# ASSIGNED TASK
In the records below, find the line with "Authentic Kenzo Puffy Reversible Down Jacket" and the line with "Wrinkle Resistant Camelot Tunic Shirt"; return exactly those lines and every line between them.

# SUPPLIED MATERIAL
--------

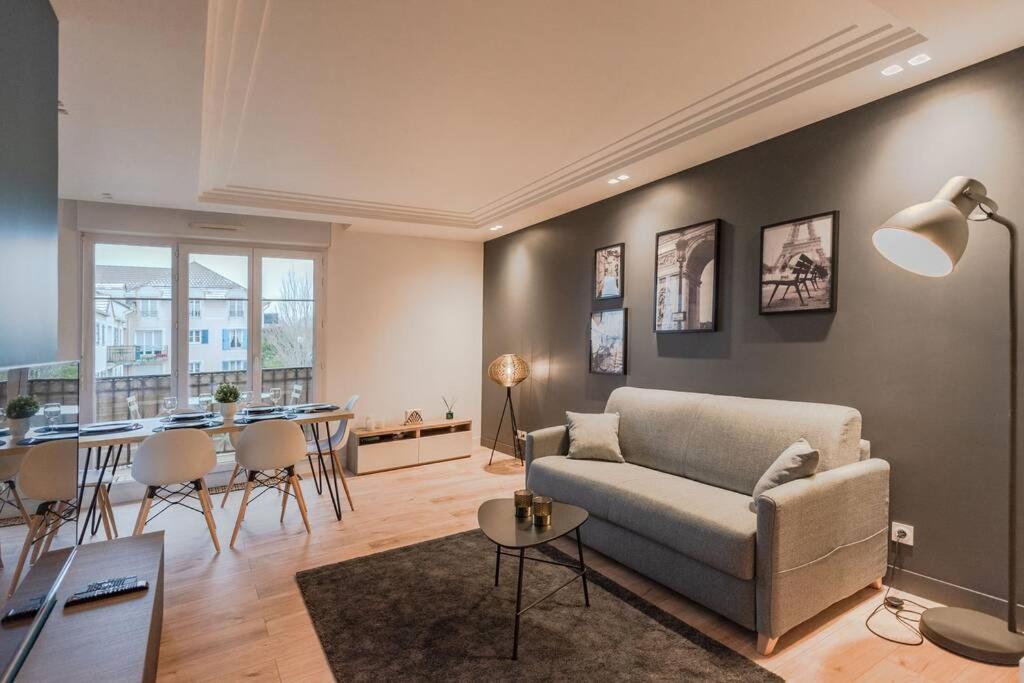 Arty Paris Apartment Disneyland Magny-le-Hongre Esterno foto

--------

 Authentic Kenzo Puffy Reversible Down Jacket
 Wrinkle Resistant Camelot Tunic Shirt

--------

# EXERCISE RESULT
 Authentic Kenzo Puffy Reversible Down Jacket
 Wrinkle Resistant Camelot Tunic Shirt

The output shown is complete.